The dielectric constant of material ultimately decides the level of miniaturization in electronic devices based on capacitive components and the development of wireless communications technologies operating at microwave frequencies. Similar to well-known PZT type high k (dielectric constant) Ferroelectrics, Ti⁴⁺ ion doping is tried here in a novel Trirutile CoNb₂O₆ lattice as smaller Ti⁴⁺ can vibrate from its mean position in Trirutile octahedral resulting in the net polarization in the octahedral that can result in high k dielectricity and overall can turn Trirutile into a new family of ferroelectrics. Single phase Ti substituted Trirutile CoNb₂O₆ ceramic were synthesized for the first time by solid-state ceramic synthesis route and Phase purity and substitution of Ti⁴⁺ ions in CoNb₂O₆ Trirutile lattice was confirmed using Powder x-ray diffraction (XRD), Scanning Electron Microscope(SEM), and Energy Dispersive X-ray analysis (EDX), X-ray Photoelectron Spectroscopy (XPS).
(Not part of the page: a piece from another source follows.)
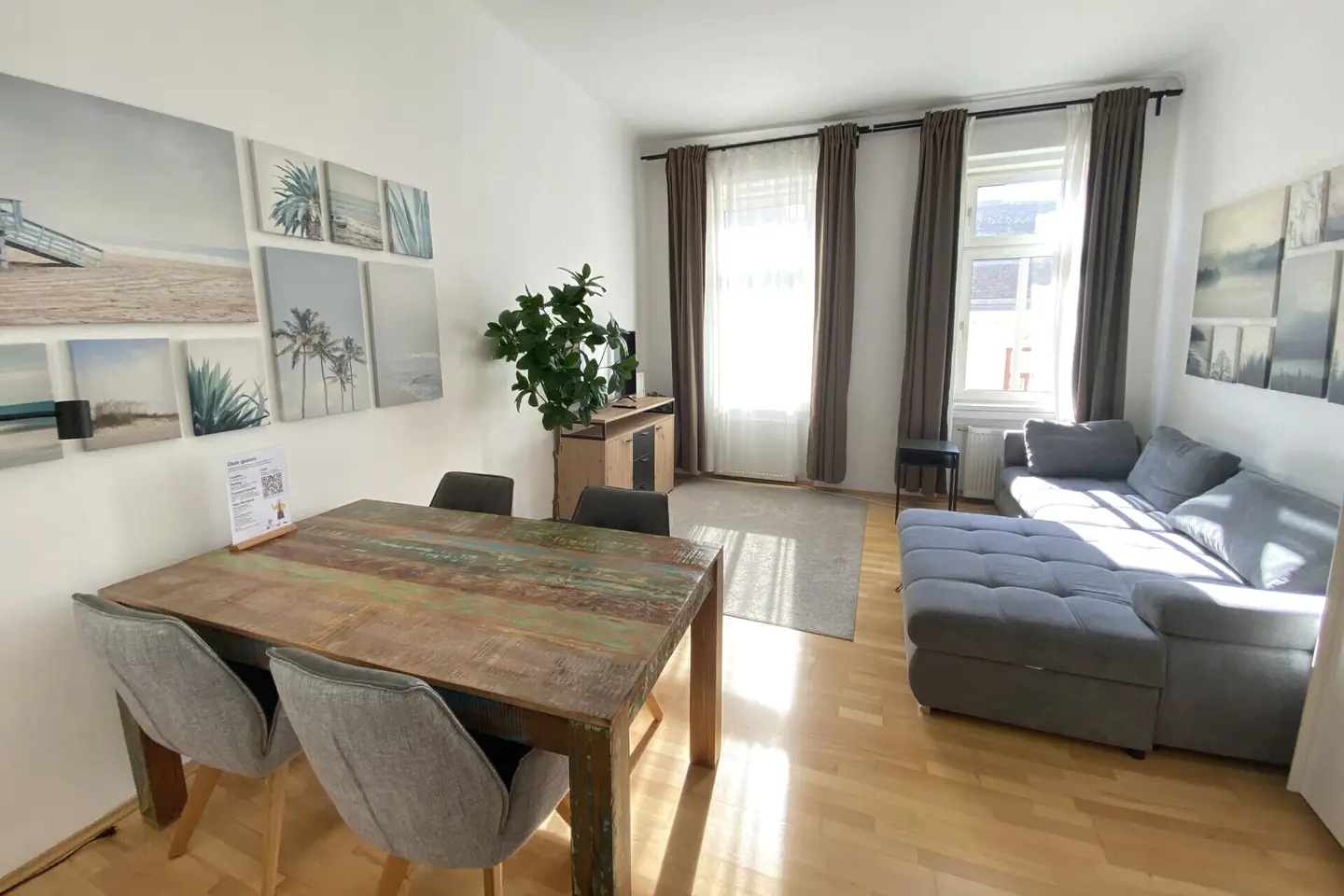 Altbauwohnung mit südseitigem lichtdurchfluteten Wohnzimmer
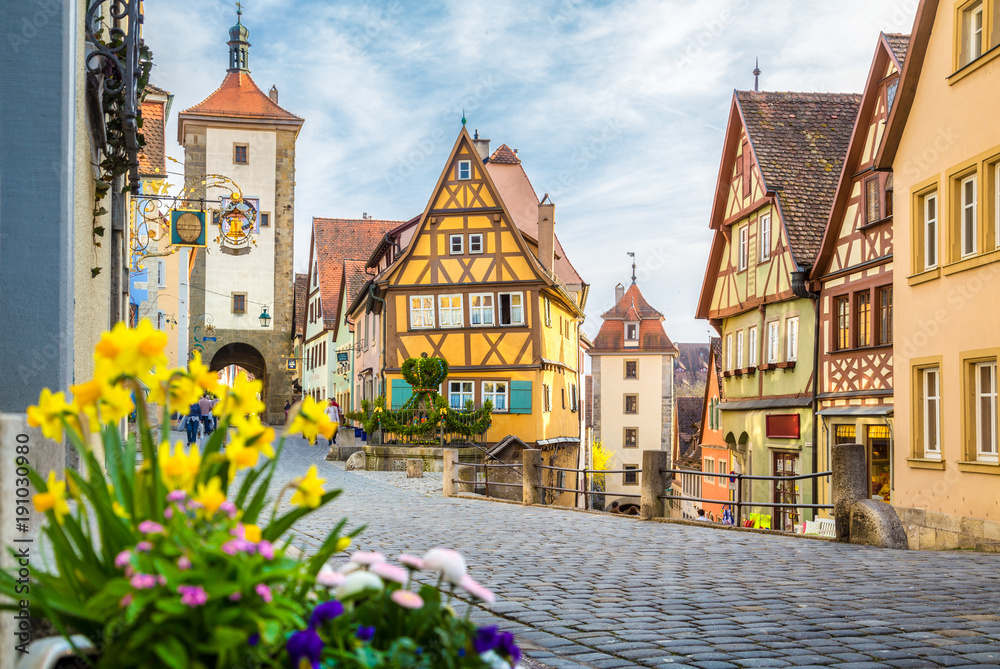 德国巴伐利亚州夏季的中世纪小镇Rothenburg ob der Tauber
Both dielectric constant and dielectric loss were decreasing with increasing frequencies. Ti⁴⁺ substitution in the Trirutile CoNb₂O₆ lattice enhances the dielectric constant of the material. The dielectric constant (ɛ_r′) for CoNb₂O₆ was found to be 500, CoNb_1.95Ti_0.05O₆ is 700 and CoNb_1.9Ti_0.1O₆ is 14,000 respectively at 100 Hz frequency at 200 ^oC and then decreases, it clearly shows the relaxor type behavior. Samples also exhibit ferroelectric behavior with remnant polarization Pr and Vc at 50 Hz frequency equal to 0.05 µC/cm² and 8e + 03 V/cm for CoNb_1.95Ti_0.05O₆ and 0.05 µC/cm² and 10e + 03 V/cm for CoNb_1.9Ti_0.1O₆.